═══ Provided information
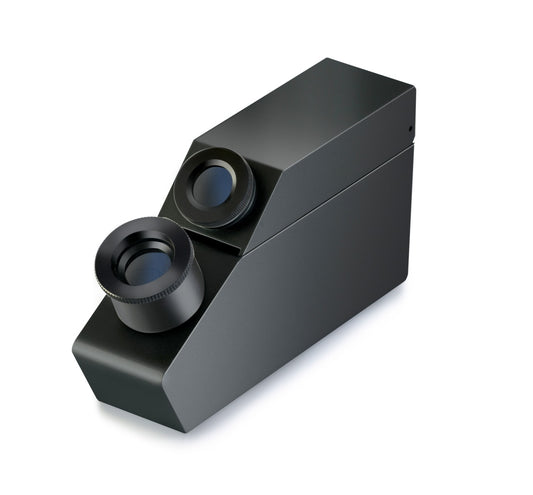 KERN ORA 1GG refractometer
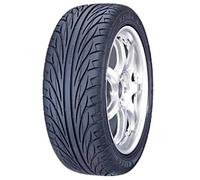 KENDA Pneu été 205/60 R 14 TL 88V KAISER KR20
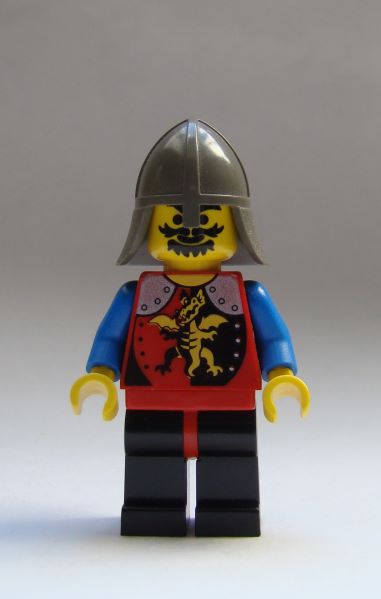 6079.jpg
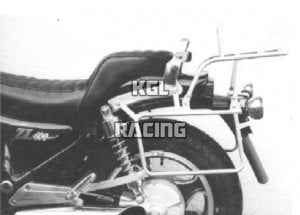 Kofferrekken Hepco&Becker - Kawasaki ZL600 ELIMINATOR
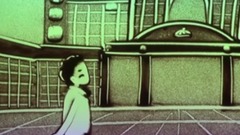 薛之谦 - 有一种爱情叫从校服到婚纱,再远的距离和时间终将败给爱情 沙画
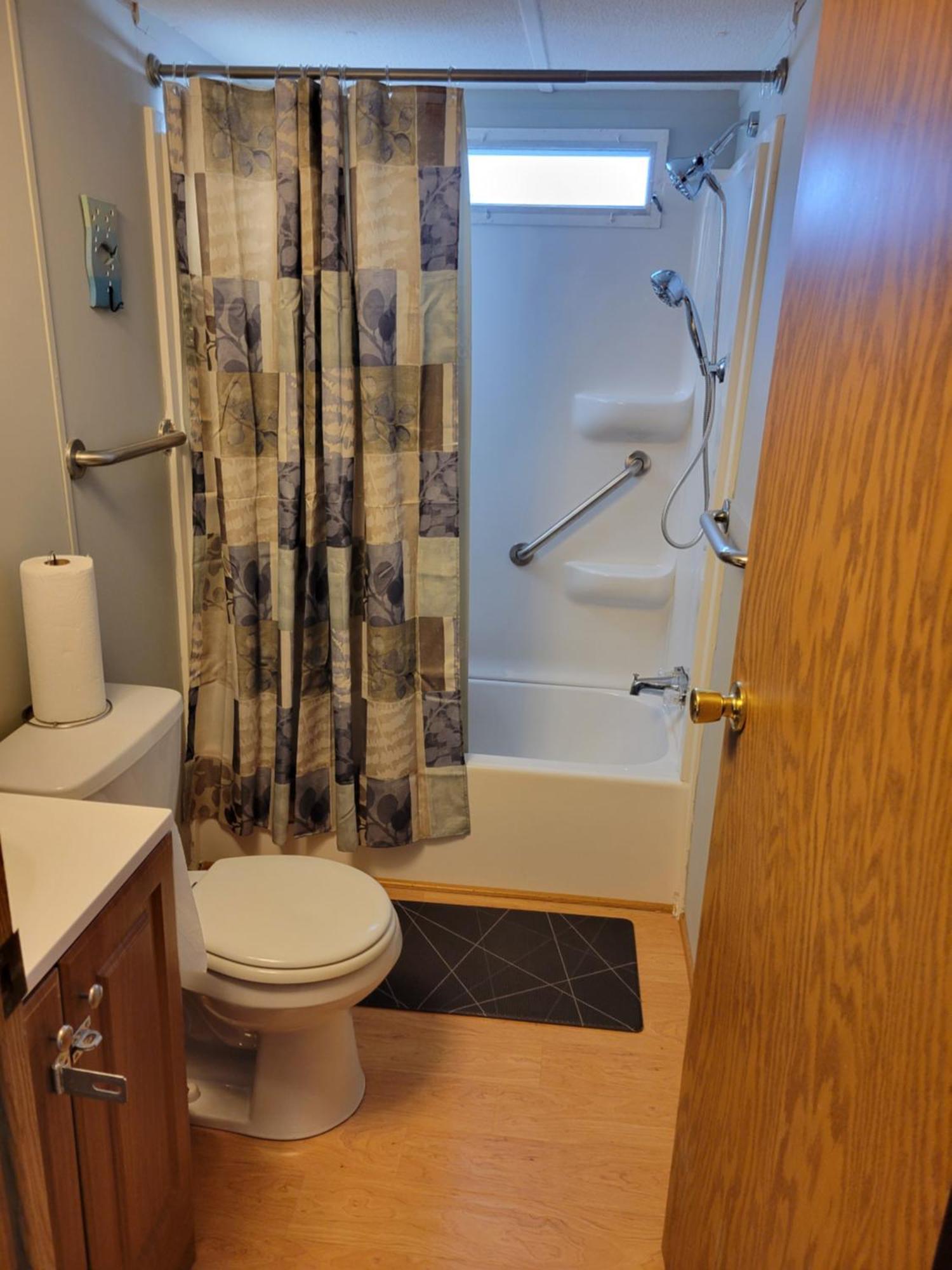 Dorothy And Johns Ocean City Md Vacation Home Sleeps 8 - 3 Bedrooms 2 Full Bath Extérieur photo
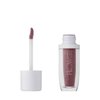 Powder Play Lip Color Frisky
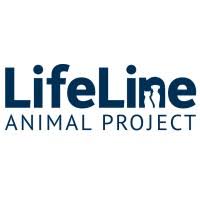 Lifeline Animal Project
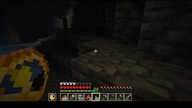 So many Creepers #minecraft #game #games #Short #Shorts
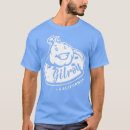 Buscar garlic ropa Picante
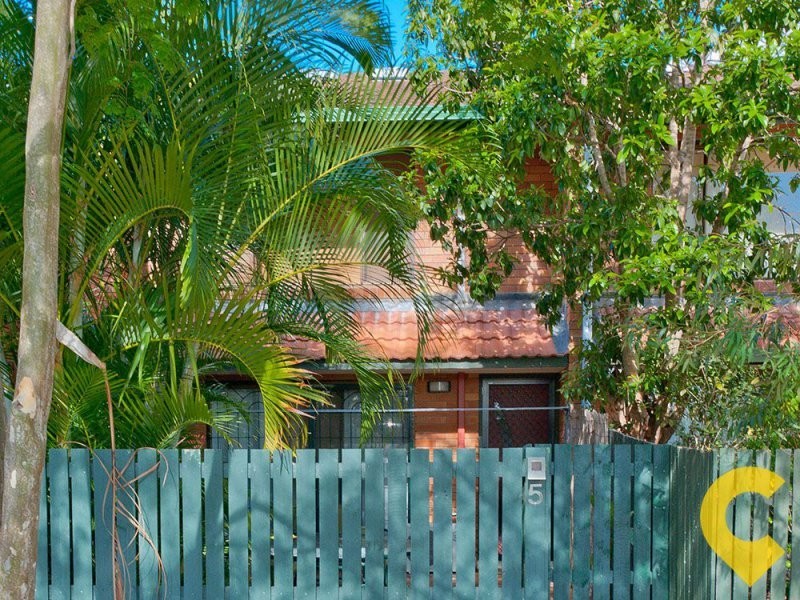 5/21 Jane Street, Arana Hills QLD 4054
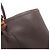 Hermès Borsa Hermes Garden Twilly TPM Marrone - vista 12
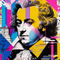 Mozart-memphis-pop-art-style-u-final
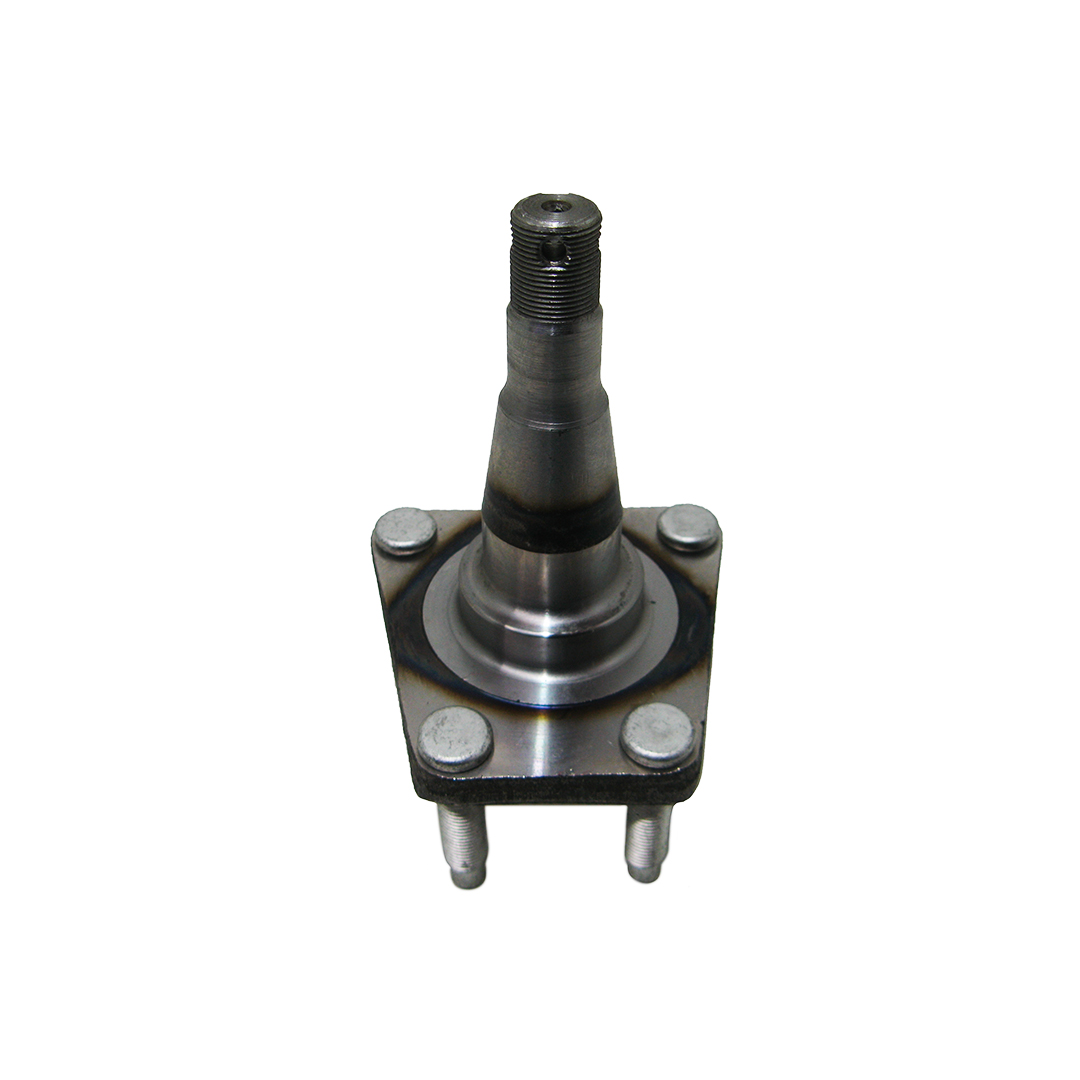 Маточина задня цапфа Ланос, Сенс, Нексія  AT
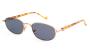 ΓΥΑΛΙΑ ΗΛΙΟΥ EYEPETIZER RIAD C 4-OP-39 ONE SIZE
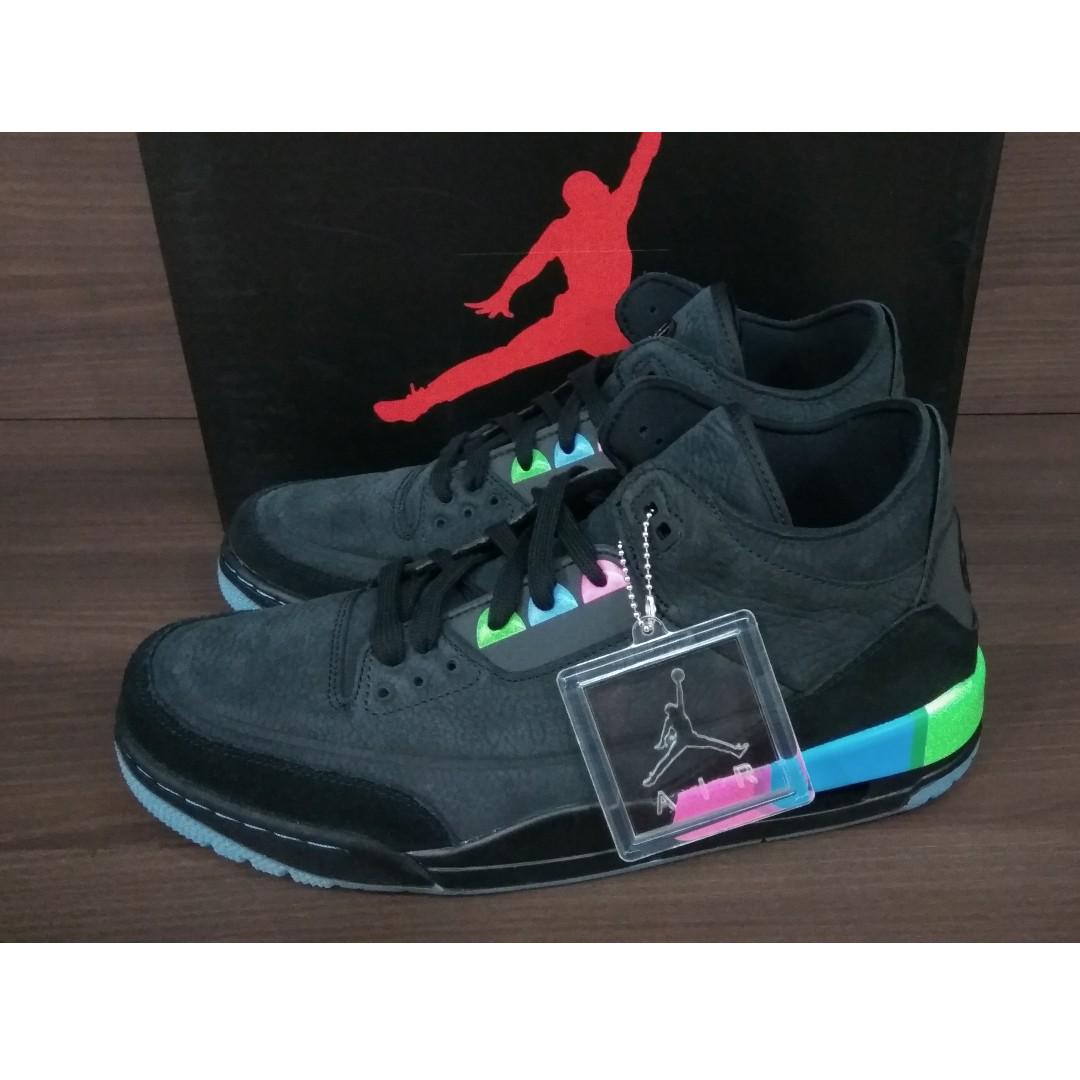 jordan 3 retro q54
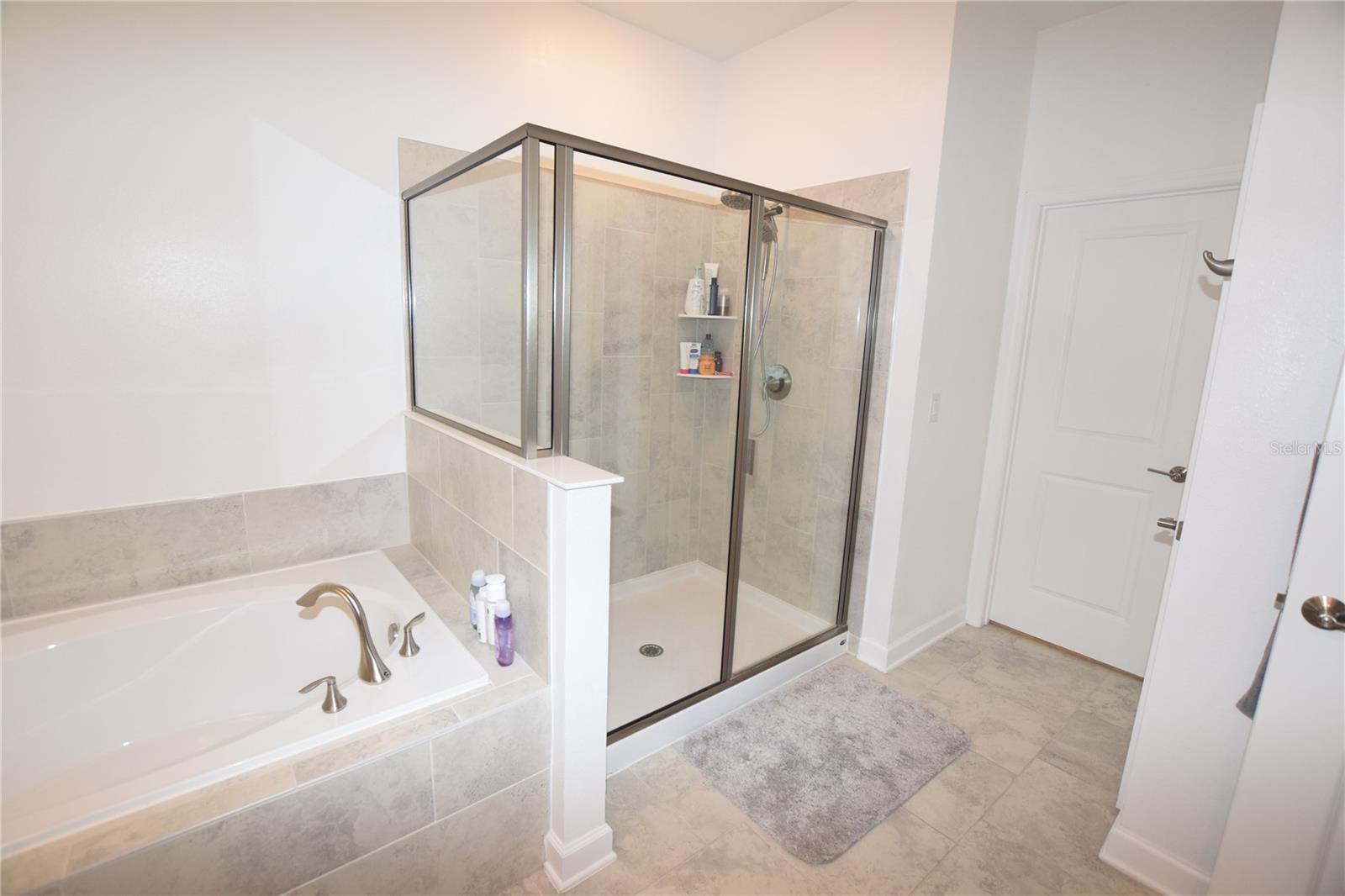 5055 HATCHINEHA CT, ST CLOUD, FL — photo 35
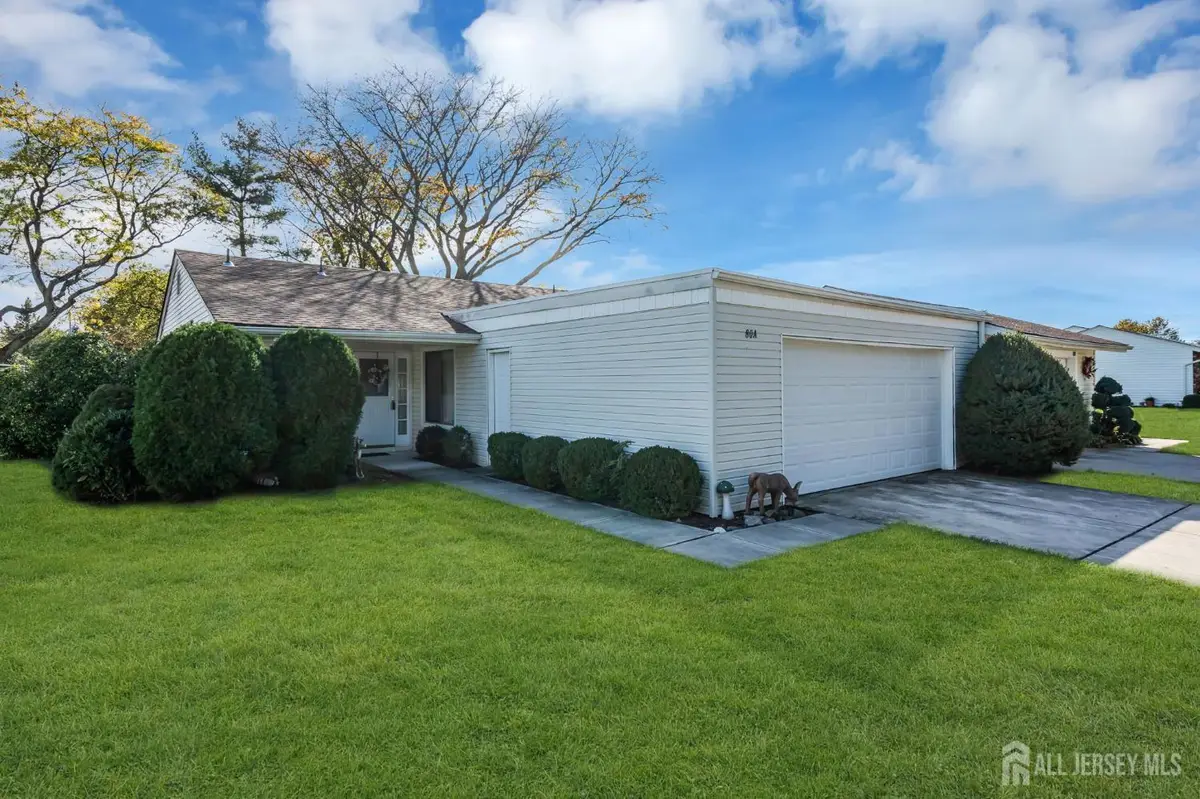 -80 Banyan Plaza #A, Monroe, NJ 08831 - #1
══════
__Task prompt__
Your task is to give again, unchanged, the lines from the line that contains "5/21 Jane Street, Arana Hills QLD 4054" to the end of the records. Include both end lines but no pictures.

__Result of this exercise__
 5/21 Jane Street, Arana Hills QLD 4054
 Hermès Borsa Hermes Garden Twilly TPM Marrone - vista 12
 Mozart-memphis-pop-art-style-u-final
 Маточина задня цапфа Ланос, Сенс, Нексія  AT
 ΓΥΑΛΙΑ ΗΛΙΟΥ EYEPETIZER RIAD C 4-OP-39 ONE SIZE
 jordan 3 retro q54
 5055 HATCHINEHA CT, ST CLOUD, FL — photo 35
 -80 Banyan Plaza #A, Monroe, NJ 08831 - #1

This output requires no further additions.